═══ Input for this task ═══
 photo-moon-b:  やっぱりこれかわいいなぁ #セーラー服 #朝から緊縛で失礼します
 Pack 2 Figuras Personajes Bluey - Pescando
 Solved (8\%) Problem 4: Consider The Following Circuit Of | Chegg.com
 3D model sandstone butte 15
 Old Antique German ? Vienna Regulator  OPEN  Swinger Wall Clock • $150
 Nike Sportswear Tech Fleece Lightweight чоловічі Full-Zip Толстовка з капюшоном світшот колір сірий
═══
**Problem to solve:** Produce a verbatim transcript of the material above.

**Reply:**
 photo-moon-b:  やっぱりこれかわいいなぁ #セーラー服 #朝から緊縛で失礼します
 Pack 2 Figuras Personajes Bluey - Pescando
 Solved (8\%) Problem 4: Consider The Following Circuit Of | Chegg.com
 3D model sandstone butte 15
 Old Antique German ? Vienna Regulator  OPEN  Swinger Wall Clock • $150
 Nike Sportswear Tech Fleece Lightweight чоловічі Full-Zip Толстовка з капюшоном світшот колір сірий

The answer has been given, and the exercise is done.